To the butter add 1 cup powdered sugar and beat to combine then add 1 tablespoon heavy cream and continue beating, on medium speed, until smooth.
Add the remaining 1 cup of powdered sugar, beat again to combine then add the remaining 1 tablespoon heavy cream, vanilla extract, salt and liquid red food coloring. Beat for an additional 1-2 minutes or until the frosting is light and fluffy and all the food coloring has been completely incorporated.
Top the cooled sugar cookie bar with the frosting and spread it into an even layer using an offset spatula. You can garnish your sugar cookie bars with rainbow sprinkles before slicing and serving.
Notes
Storage:
To Store: You can store these sugar cookie bars in a covered container, in a single layer, in the refrigerator for up to 4-5 days.
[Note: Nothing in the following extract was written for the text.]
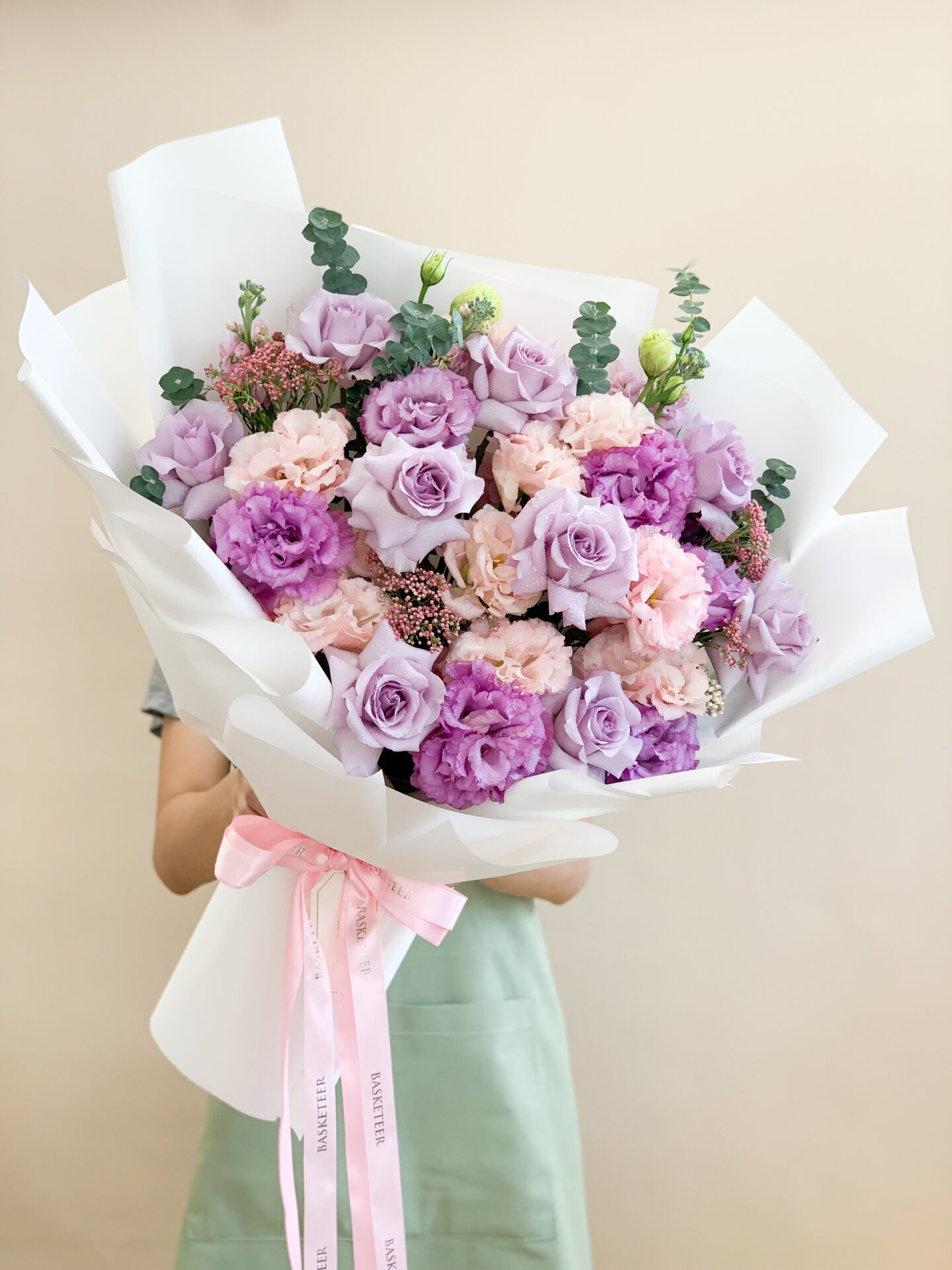 Lavender and pink floral bouquet with roses, lisianthus, and wildflowers wrapped in soft pink paper, tied with a ribbon.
To Freeze: You can freeze the baked and cooled cookie bars, tightly wrapped in plastic wrap for up to 1 month in the freezer. Thaw your cookie bars in the refrigerator while you make a fresh batch of frosting. You can then frost, slice and serve your sugar cookie bars.
Tips:
I used a liquid red food coloring for my frosting but a gel food coloring would work just as well. However, you will want to start with just a drop or two first to see if you get your desired shade of pink before adding more.
Remember that gel food coloring is more concentrated than the liquid so you will not need as much in your frosting.
You can change your color of frosting, and choice of sprinkles, to match any theme you may have as these make a great dessert for any party.
Make sure your butter is room temperature when making the frosting for the easiest and smoothest spread.
Cream or half-and-half is preferred for creamiest, fluffiest frosting. Keeping that in mind, milk would be an OK substitute if you do not have either on hand.